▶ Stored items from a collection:

>>>>>

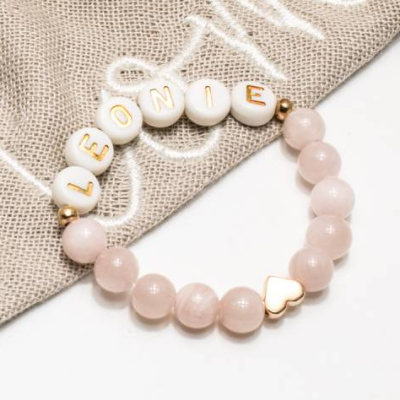 Babyarmband mit Namen, Jade, Mädchen, rose-gold , goldene Buchstaben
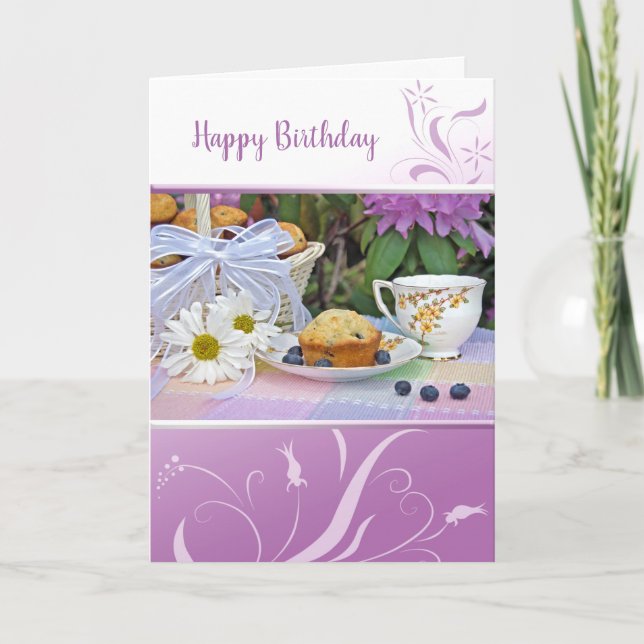 Tarjeta Fiesta del té de cumpleaños (Anverso)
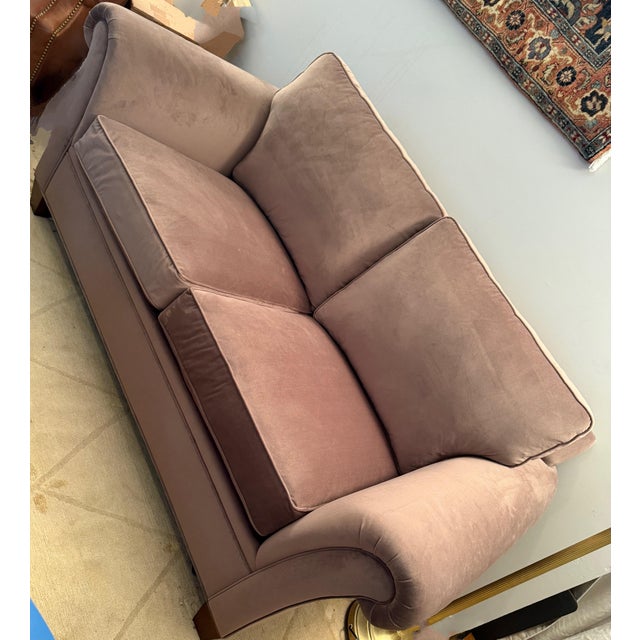 Mid-Century Modern Stickley Down-Filled Café-Au-Lait Velvet Loveseat For Sale - Image 3 of 11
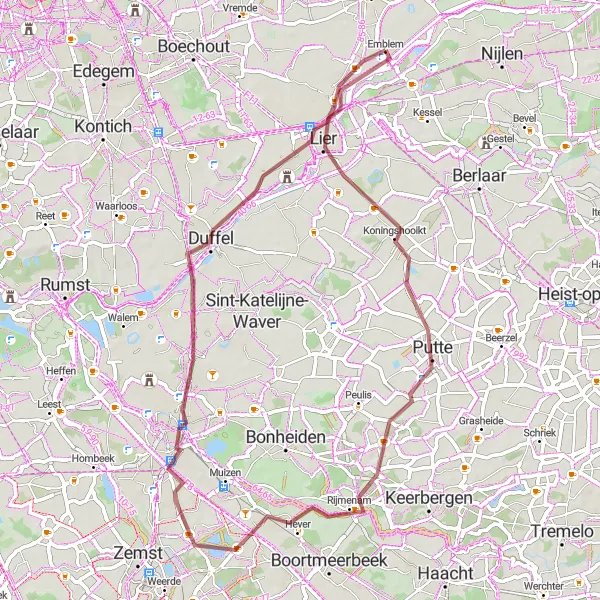 Map miniature of "Emblem - Lier - Jutse plassen - Rijmenam - Mechelen - Duffel - Emblem" cycling inspiration in Prov. Antwerpen, Belgium. Generated by Tarmacs.app cycling route planner
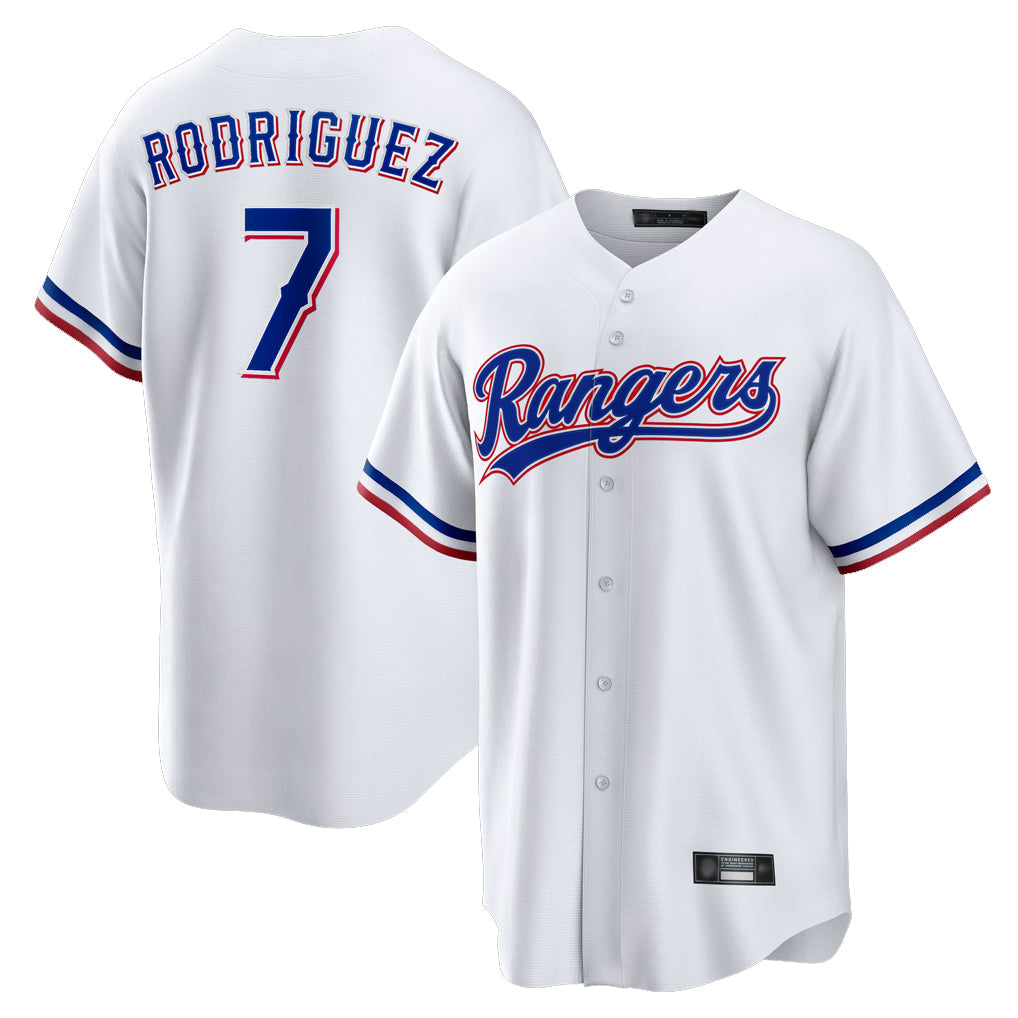 Odoa T.Rangers #7 Ivan Rodriguez Player White Home Game Stitched Jerseys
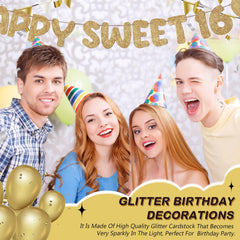Fulmoon Happy Sweet 16 banner decor setup at event enhances ambiance.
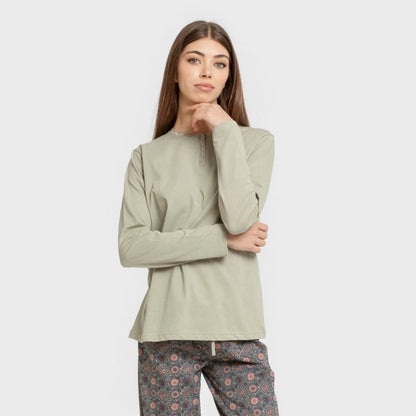 Pijama largo algodón Gabi verde claro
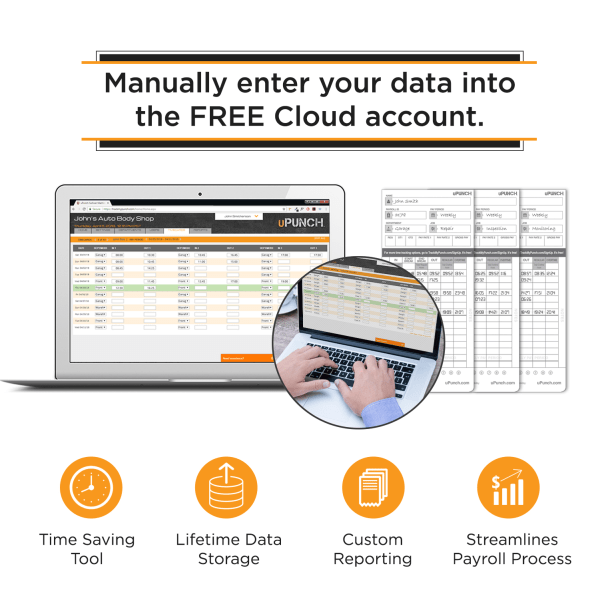 slide 3 of 4, Upunch Ub2300 Time Clock Calculating Bundle, Unlimited Employees, 10""H X 11""W X 12""D, Gray, 1 ct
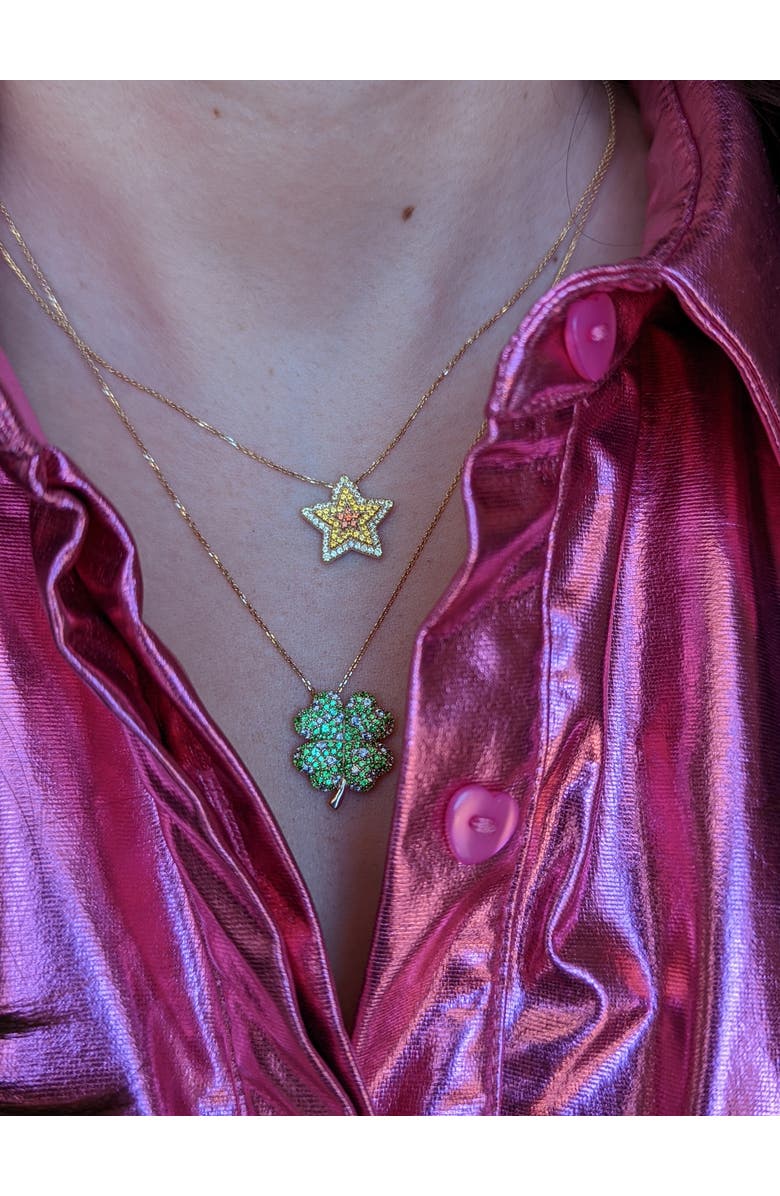 Campbell + Charlotte Juju Four Leaf Clover Charm Necklace, Alternate, color, Gold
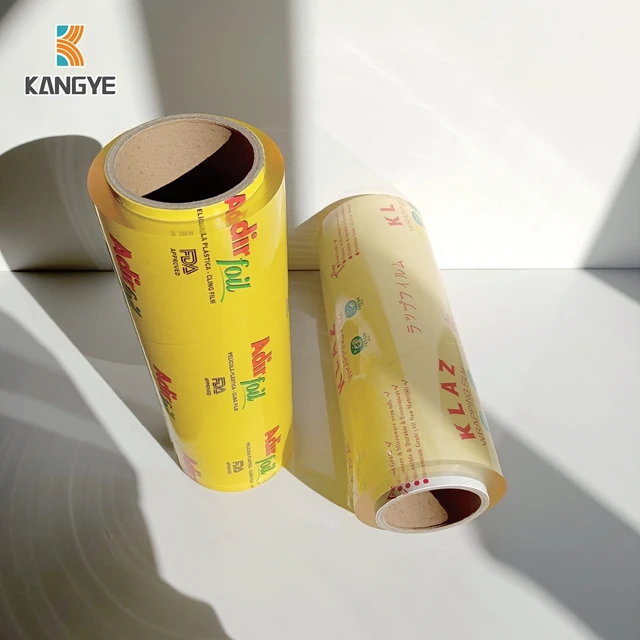 Water proof Plastic Food Grade Packaging Film Food Wrap 13/14 Micron Stretch PVC Cling Film Food Stretch Wrapping Plastic Wrap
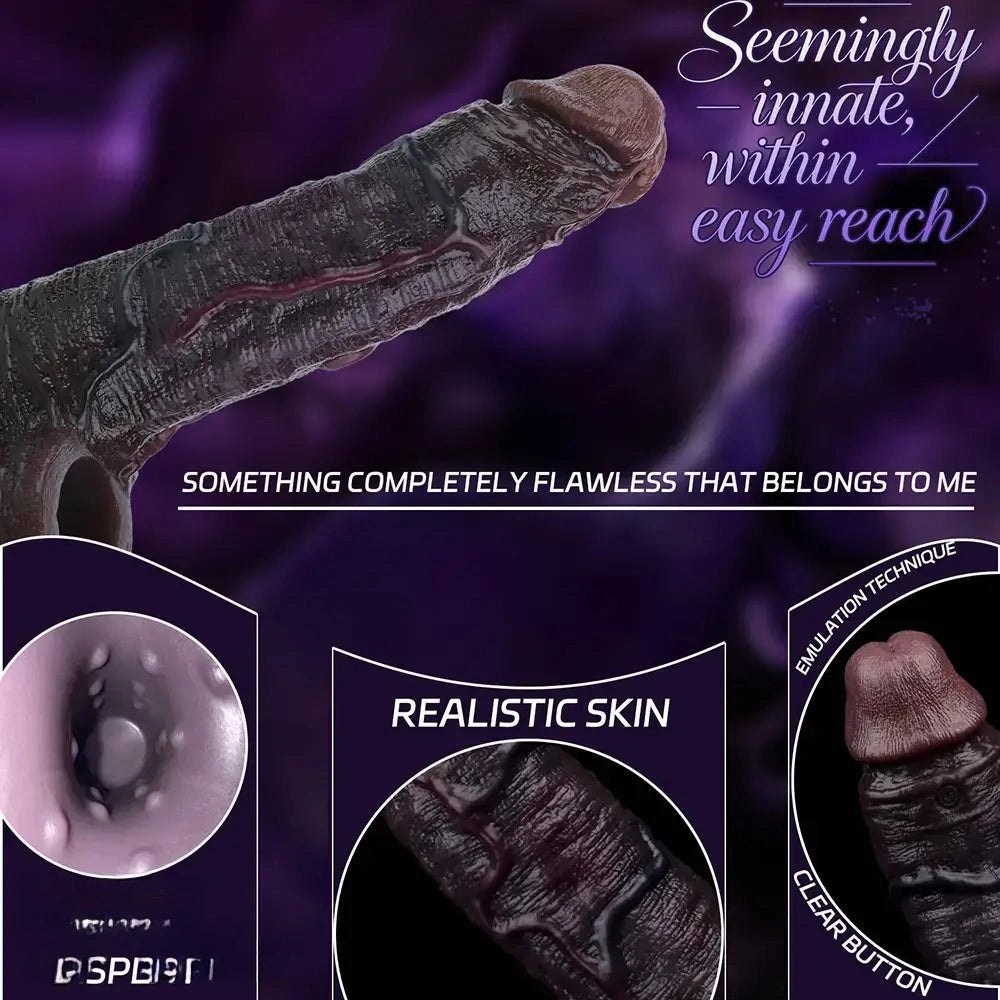 Coffee hollow silicone dildo sleeve, photo 4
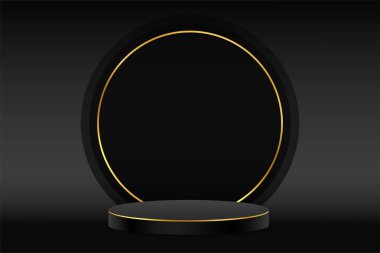 boş uzay vektörü ile göz alıcı 3d kaide karanlık arkaplan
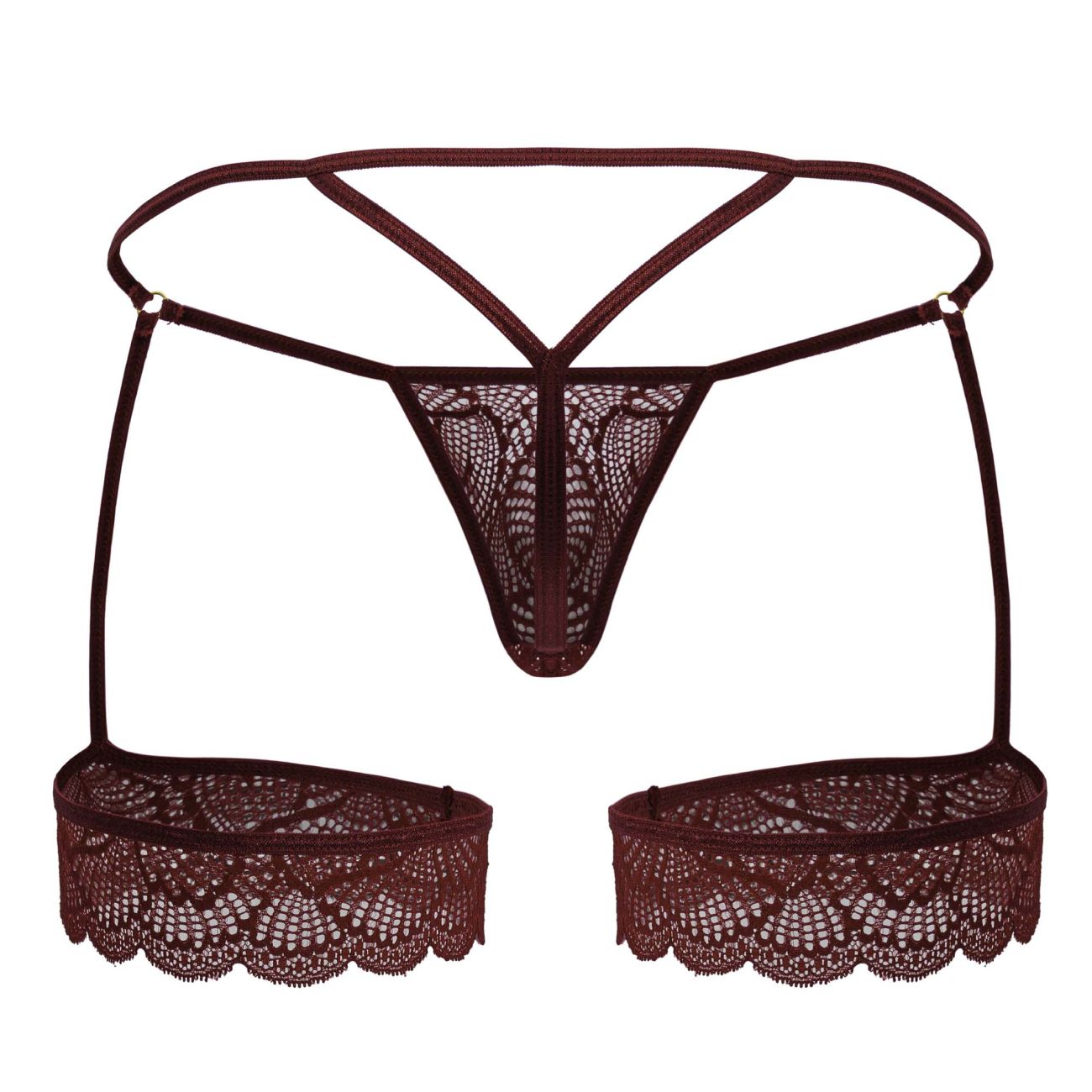 CandyMan Men's Underwear 99906 Garter Lace Thongs Color Burgundy
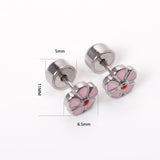 12 pairs 6.5mm Steel Flower Pink Clapper Plug Earrings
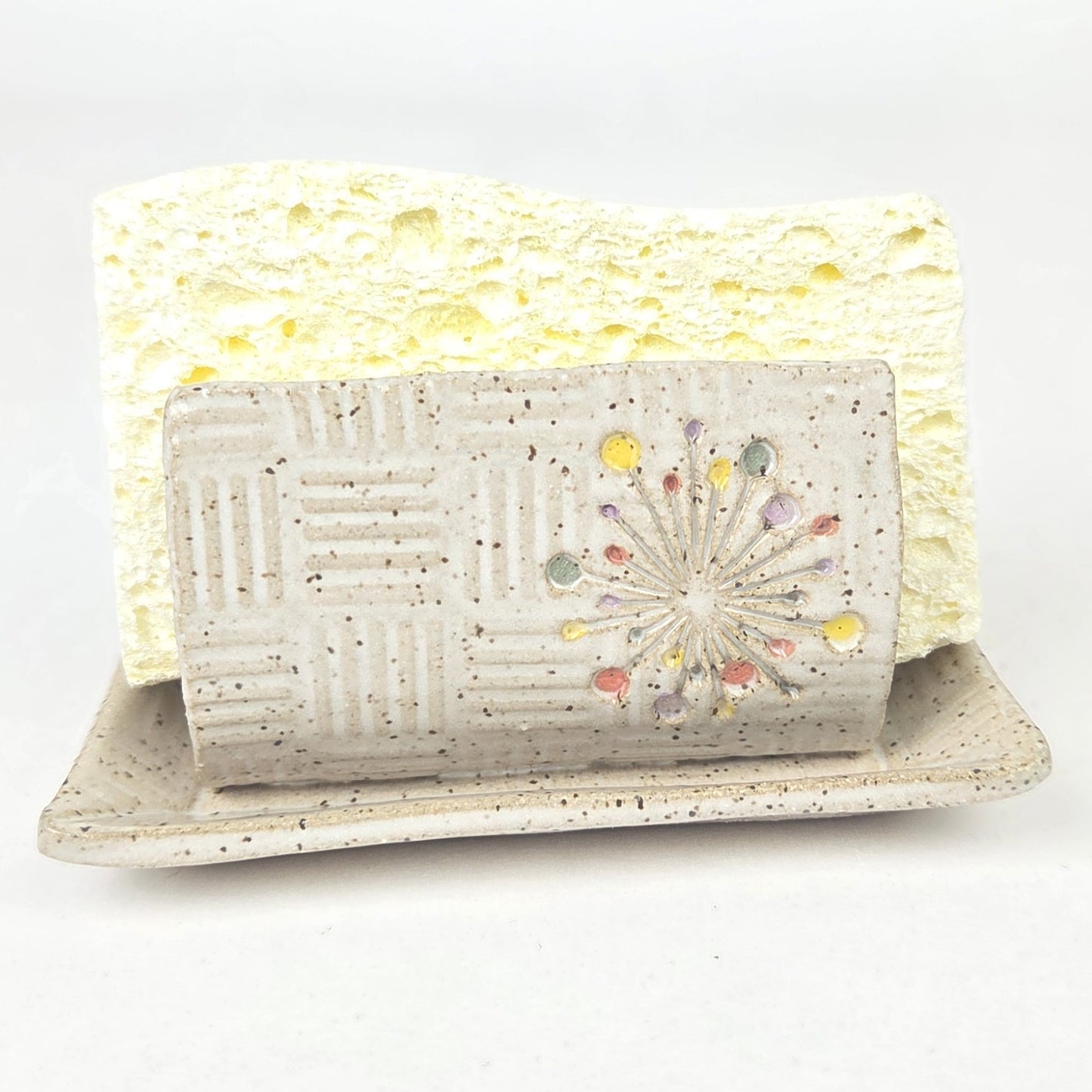 Art Deco Sunburst on White Stoneware Sponge Holder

<<<<<

Please return, exactly as written, the lines from the first line of the records above through the line containing "Campbell + Charlotte", both included, leaving out any pictures.

 Babyarmband mit Namen, Jade, Mädchen, rose-gold , goldene Buchstaben
 Tarjeta Fiesta del té de cumpleaños (Anverso)
 Mid-Century Modern Stickley Down-Filled Café-Au-Lait Velvet Loveseat For Sale - Image 3 of 11
 Map miniature of "Emblem - Lier - Jutse plassen - Rijmenam - Mechelen - Duffel - Emblem" cycling inspiration in Prov. Antwerpen, Belgium. Generated by Tarmacs.app cycling route planner
 Odoa T.Rangers #7 Ivan Rodriguez Player White Home Game Stitched Jerseys
Fulmoon Happy Sweet 16 banner decor setup at event enhances ambiance.
 Pijama largo algodón Gabi verde claro
 slide 3 of 4, Upunch Ub2300 Time Clock Calculating Bundle, Unlimited Employees, 10""H X 11""W X 12""D, Gray, 1 ct
 Campbell + Charlotte Juju Four Leaf Clover Charm Necklace, Alternate, color, Gold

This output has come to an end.